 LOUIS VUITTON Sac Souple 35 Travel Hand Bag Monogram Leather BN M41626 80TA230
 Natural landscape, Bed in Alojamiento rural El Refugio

--

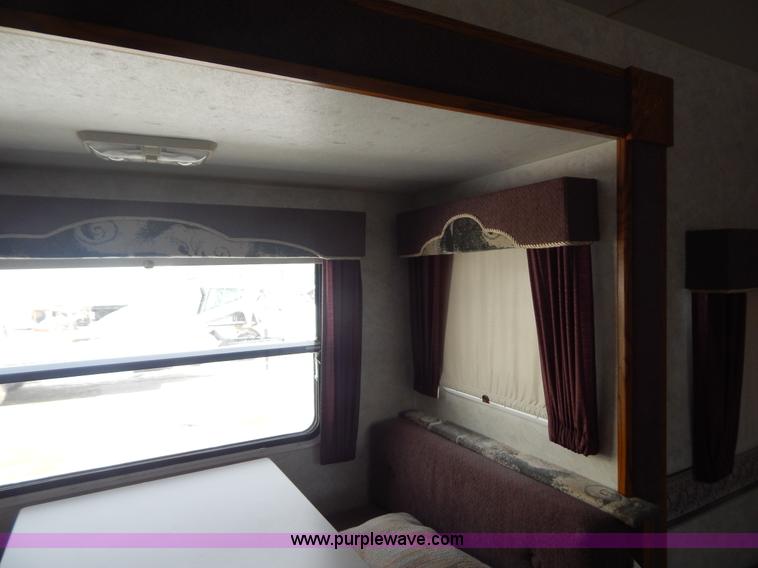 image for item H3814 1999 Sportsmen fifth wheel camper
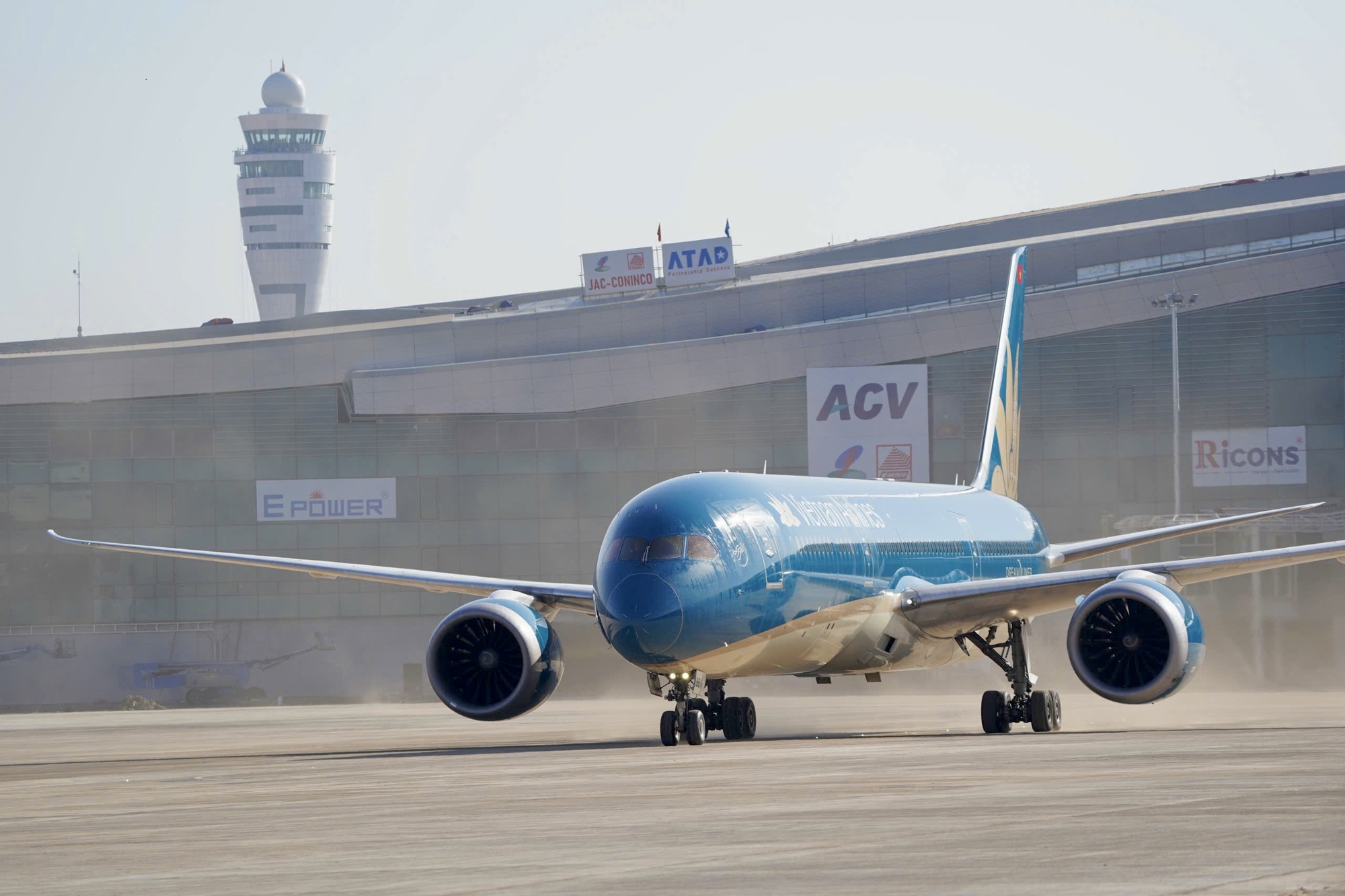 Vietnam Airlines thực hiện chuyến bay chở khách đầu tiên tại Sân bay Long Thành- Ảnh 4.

> **REQUIRED ACTION**: Only the lines above from the line with "LOUIS VUITTON Sac" to the line with "Natural landscape, Bed", those two lines included, should be reproduced exactly.

> **TASK SOLUTION**:
 LOUIS VUITTON Sac Souple 35 Travel Hand Bag Monogram Leather BN M41626 80TA230
 Natural landscape, Bed in Alojamiento rural El Refugio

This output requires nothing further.